In her new best-selling memoir, "My Beloved World," Sonia Sotomayor - our first Latina and third woman Supreme Court justice - reminisces about growing up in a public housing project, her college days and her first jobs.

With both parents working (her mother as a nurse) and then her father dying at an early age, Sonia became self-reliant. She loved books, especially mysteries such as the Nancy Drew series, which inspired her to become a lawyer. Growing up she was sensitive to racial and sexual discrimination and the plight of the poor. She wrote that "when someone's dignity shatters, it leaves a hole that a feeling heart naturally wants to fill."

While she typically reacted to injustice on an individual basis, she also admired the poor people's campaign in the Bronx led by Father Louis Gigante; however, then and later in life she avoided joining in mass movements. She developed an ability to understand both sides of an argument and honed it in a high school debating class. Sotomayor was brilliant and worked tirelessly to achieve her new goal of becoming a judge. She excelled at Princeton University and Yale Law School and joined student organizations such as Accion Puertoriqueno to expand opportunities for students of color.

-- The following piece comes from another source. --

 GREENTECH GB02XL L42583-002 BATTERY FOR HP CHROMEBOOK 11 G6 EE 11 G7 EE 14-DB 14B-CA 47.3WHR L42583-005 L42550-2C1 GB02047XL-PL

She believed in appealing to people's better nature, finding good faith on both sides and building bridges. But when a law firm recruiter insulted her for benefiting from affirmation action, she organized a successful campaign to have the firm barred from campus recruiting and they apologized.

She worked as a prosecutor with the Manhattan district attorney and for a corporate law firm. Always expanding her world while staying close to her roots, Sotomayor capped the phase of her life covered in the memoir with her appointment as a federal judge before the age of forty. I found her story inspiring but politically frustrating. "An honest broker in the art of compromise between opposing interests is always my first response to political divisions," she writes, leaving us guessing - as is appropriate for a Supreme Court justice - at how her philosophy will play out on the court.